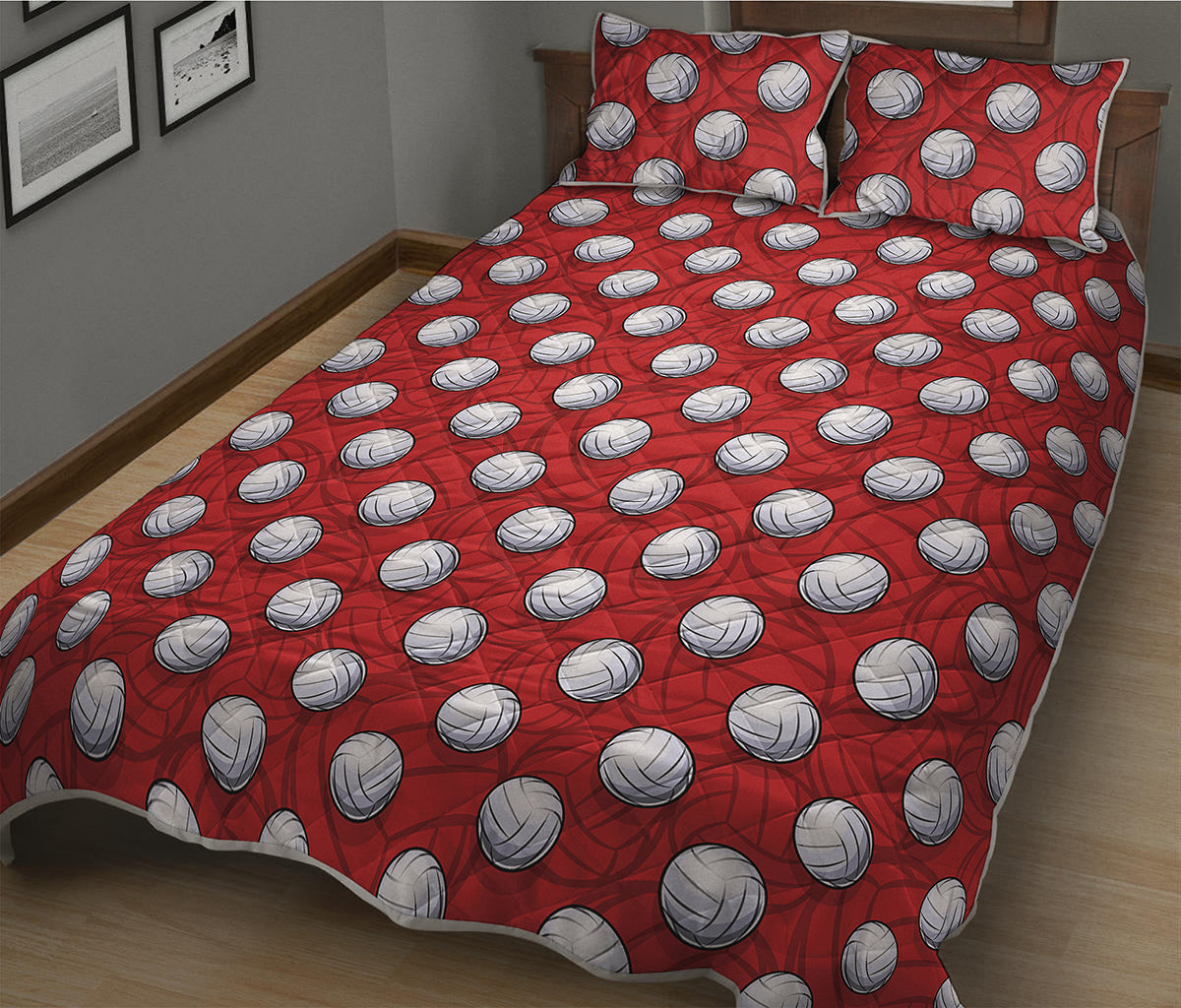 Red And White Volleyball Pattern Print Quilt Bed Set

==

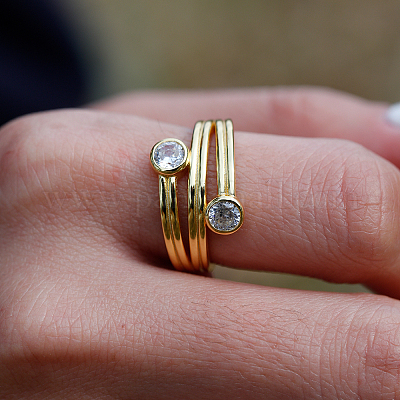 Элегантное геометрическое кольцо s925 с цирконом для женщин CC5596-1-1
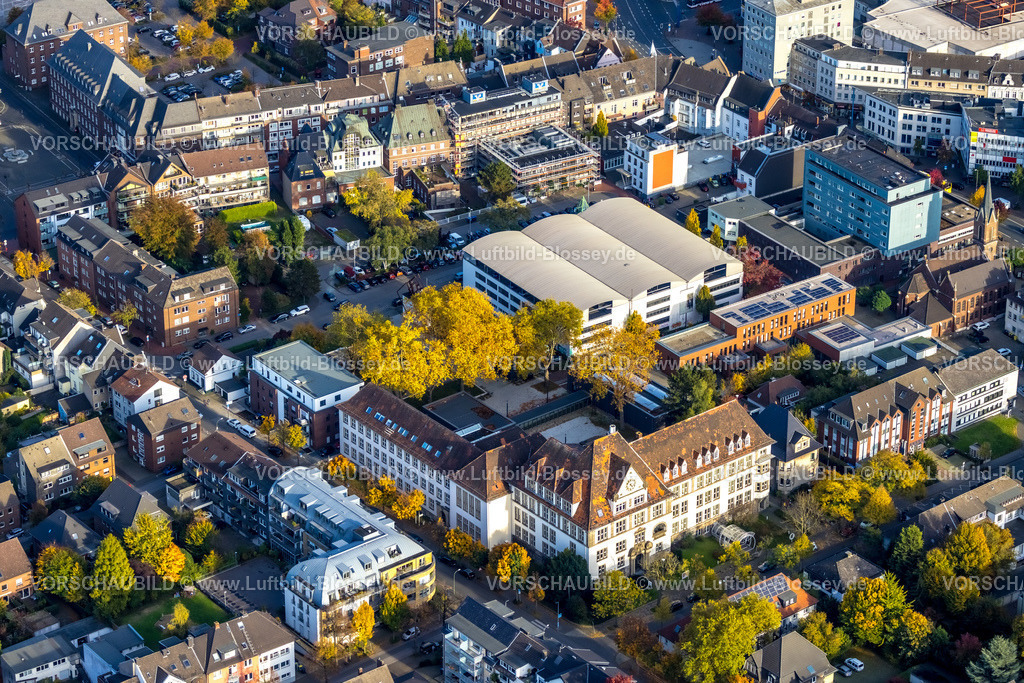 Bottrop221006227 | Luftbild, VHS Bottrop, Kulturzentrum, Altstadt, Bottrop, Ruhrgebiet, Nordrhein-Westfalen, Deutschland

▶ [THE PROBLEM]
All that should appear in the answer is the lines above from the line with "Элегантное геометрическое кольцо" through the line with "Bottrop221006227 | Luftbild, VHS", retyped exactly, pictures left out.

▶ [EXPECTED ANSWER]
 Элегантное геометрическое кольцо s925 с цирконом для женщин CC5596-1-1
 Bottrop221006227 | Luftbild, VHS Bottrop, Kulturzentrum, Altstadt, Bottrop, Ruhrgebiet, Nordrhein-Westfalen, Deutschland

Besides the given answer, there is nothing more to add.